Si les personnages d'Adoration possèdent tous un objet de fascination, le film, lui, nous capture dans ses filets dès ses premières notes de violon. A la manière d'un puzzle, le récit se tisse peu à peu en alternant le présent et les flash-backs, réels ou imaginés, jouant habilement sur les ellipses et les faux semblants pour entretenir un véritable mystère. Plus que jamais observateur du monde, Egoyan met en perspective l'histoire personnelle de Simon avec une réflexion pertinente sur les enjeux liés à l'Internet, en termes de communication comme de diffusion des idées ou des images. La démarche, guidée par un point de vue foncièrement moderne, ne cède en rien au simplisme ou à la diabolisation des communautés en ligne mais en décortique de manière expérimentale les mécanismes. Le débat idéologique des intervenants atteint à ce titre le mélange paradoxal d'extrême liberté d'expression et d'obsession du regard des autres qui caractérise ces espaces virtuels. Au coeur de l'histoire se trouve cependant la quête identitaire de Simon, adolescent intrigant par son besoin de se définir à travers un drame créé de toute pièce, touchant par sa soif de découvrir la vérité intime de ses parents. A travers le cheminement émotionnel du garçon, Atom Egoyan soulève la question de l'impact mystérieux du passé familial sur la construction de l'individu. A mesure que le noeud de l'intrigue se démêle, le jeu de rôles se confond avec la réalité et les failles des personnages se dévoilent au grand jour, qu'il s'agisse de Simon, de son oncle qui ne lui a peut-être pas tout dit, ou même de sa professeur (Arsinée Khanjian), femme espiègle que l'on devine elle aussi porteuse d'un lourd secret.

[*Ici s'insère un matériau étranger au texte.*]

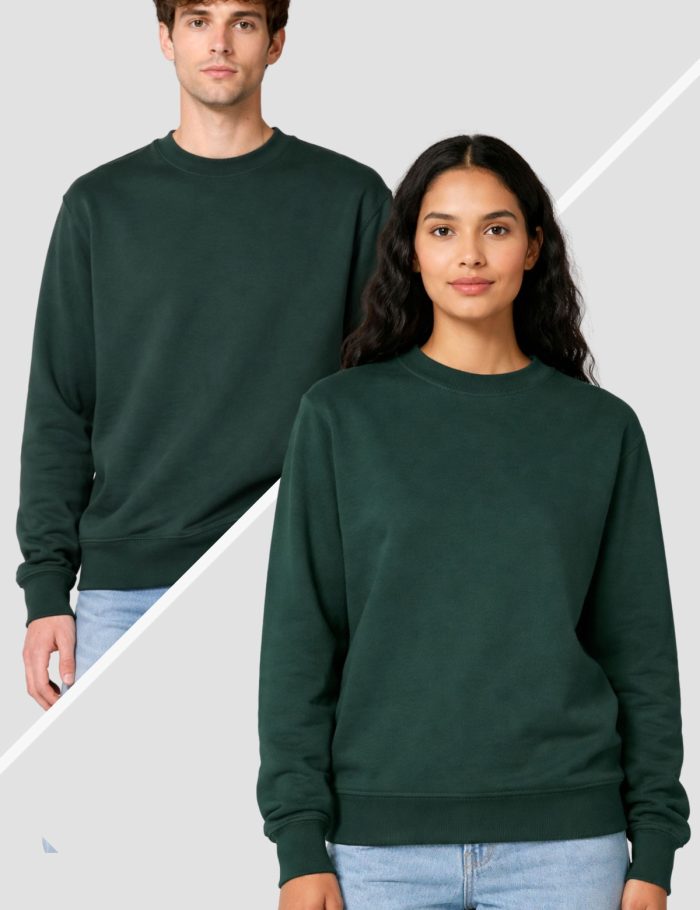 Basic Sweatshirt Changer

Une fois de plus, Atom Egoyan signe avec Adoration un film échappant à toute classification, imprévisible mais rigoureusement pensé. On y trouve un plaisir hypnotique similaire à celui que l'on pouvait ressentir devant Exotica, à savoir se laisser captiver par l'atmosphère envoûtante d'un film porté par une musicalité à fleur de peau, tout en reconstituant par-delà les notions du temps et de l'espace le puzzle de la vie et des émotions. Cinéaste indépendant et international s'il en est, Atom Egoyan prouve qu'il a su conserver une intégrité artistique inébranlable tout en délivrant une oeuvre résolument ancrée dans son époque. Entre onirisme et réalisme, Adoration déroute, fascine, éblouit par son intensité émotionnelle, suscitant chez le spectateur une implication croissante et une véritable curiosité de découvrir les zones d'ombre qui entourent les différents acteurs du drame. Des protagonistes interprétés par un ensemble de comédiens remarquables, entre Devon Bostick (Land of the Dead), innocent et énigmatique, Arsinée Khanjian (Exotica, Ararat), d'une authenticité bouleversante, ou encore Scott Speedman (Underworld), étonnamment attachant. Une oeuvre complexe et envoûtante signée par un cinéaste décidément grand.